The Taliban released two Western hostages in southern Afghanistan on Tuesday, handing them over to U.S. forces more than three years after they were abducted in Kabul, insurgent sources and police told AFP.

The release on November 19 of American Kevin King and Australian Timothy Weeks, both professors at the American University in Kabul, comes one week after President Ashraf Ghani announced that Afghanistan would free three high-ranking Taliban prisoners in an apparent swap that he hoped would help jumpstart peace talks.

“This morning at around 10 a.m. two American University professors were released in Nawbahar district of Zabul province. They were flown out of Zabul by American helicopters,” a local police source said.

Three Taliban sources in the province also said the hostages had been released, with one saying they have been brought there by car.

“We released the professors and are now expecting the Kabul government and Americans to release our three prisoners as soon as possible,” one of them told AFP.

There was no immediate comment from the U.S. embassy in Afghanistan.
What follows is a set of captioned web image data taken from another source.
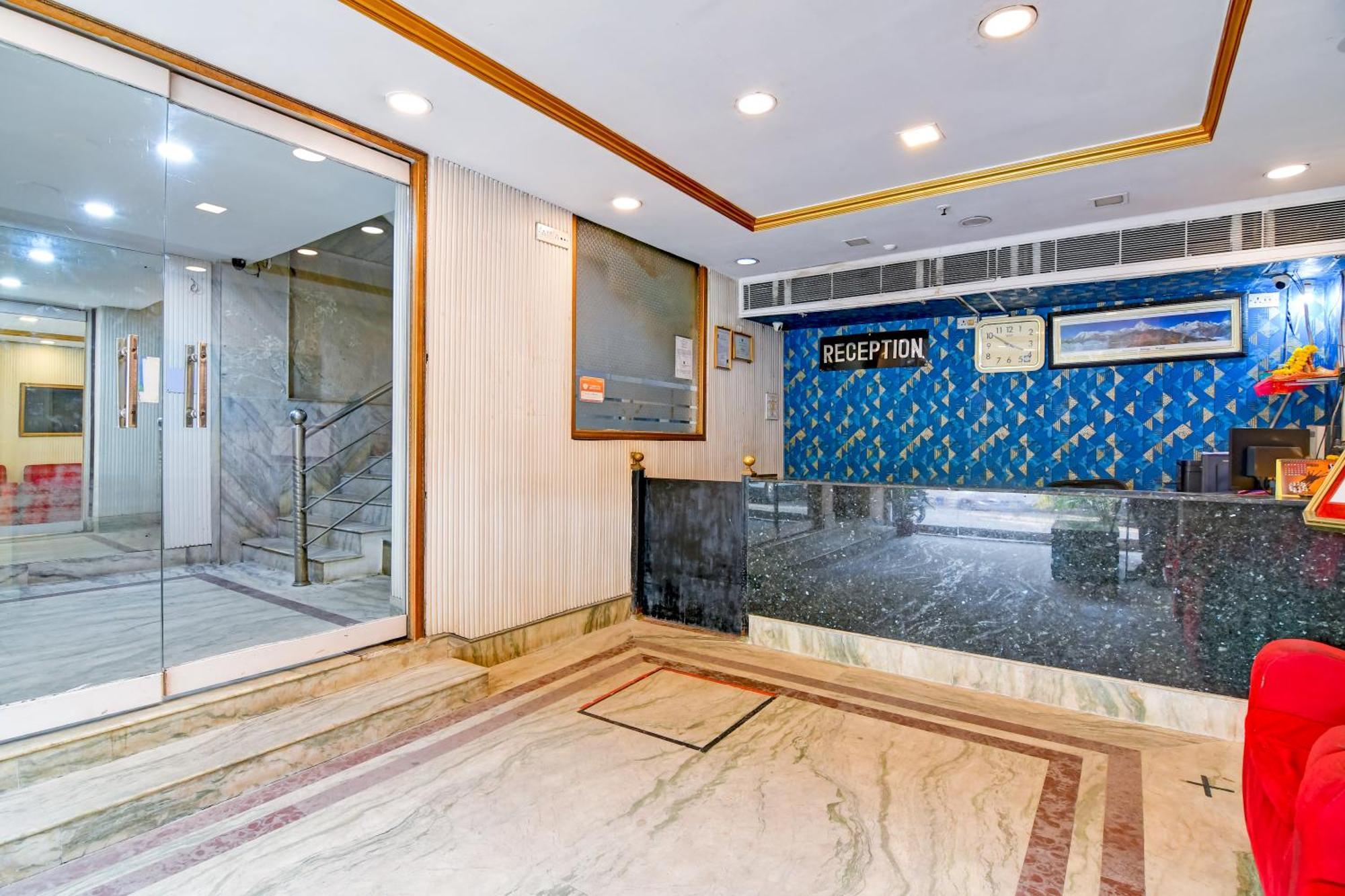 Brill Raj Palace Near City Centre 2 Kolkata Exterior photo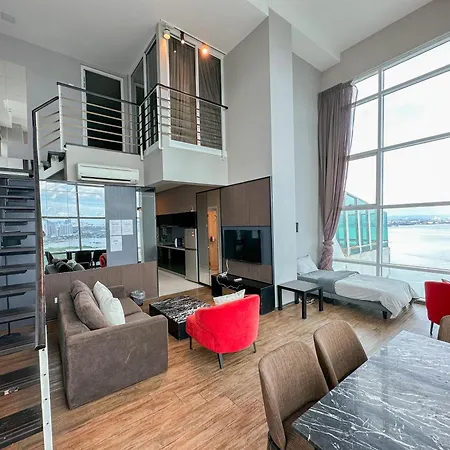 Top Sea View - Maritime Suite 只有海景房 Jelutong Exterior photo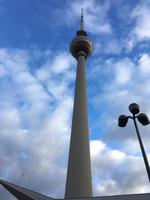 Fernsehturm Berlin (2) &ndash; &copy; Laura Wonneberger (Eberhardt TRAVEL)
Afghan officials in Kabul said they would release a statement shortly.

The American University in Kabul said it “shares the relief of the families” of the hostages.

“The AUAF community, our students, faculty and staff, have keenly felt the absence of our two colleagues even as we have continually urged their release over these past three years,” a statement from the university said.

King and Weeks were kidnapped by gunmen wearing military uniforms in the heart of Kabul in August 2016.

They later appeared looking haggard in a Taliban hostage video, with the insurgents going on to say that King was in poor health.

Ghani said Tuesday that the pair’s health had been “deteriorating while in the custody of the terrorists”.

Ghani had first announced the exchange on November 12, saying the Taliban prisoners held at Bagram prison north of Kabul would be “conditionally” released.

They include Anas Haqqani, who was seized in 2014 and whose older brother is the deputy Taliban leader and head of the Haqqani network, a notorious Taliban affiliate.

Afghan authorities accuse Anas of being a high-level player in the network. The Taliban has long demanded his release, insisting he is a student.

The other two Taliban prisoners to be released are Haji Mali Khan, believed to be the uncle of Sirajuddin Haqqani, and Abdul Rashid, said to be the brother of Mohammad Nabi Omari, a member of the Taliban’s political office in Qatar.

It was not clear when and where they would be freed. In his statement Ghani had hinted they could be released outside the country. On Saturday an Afghan government spokesman said there had been a “delay” in the exchange.

Ghani had said he hoped the swap would “pave the way” for the start of unofficial direct talks between his government and the Taliban, who have long refused to negotiate with the Kabul administration.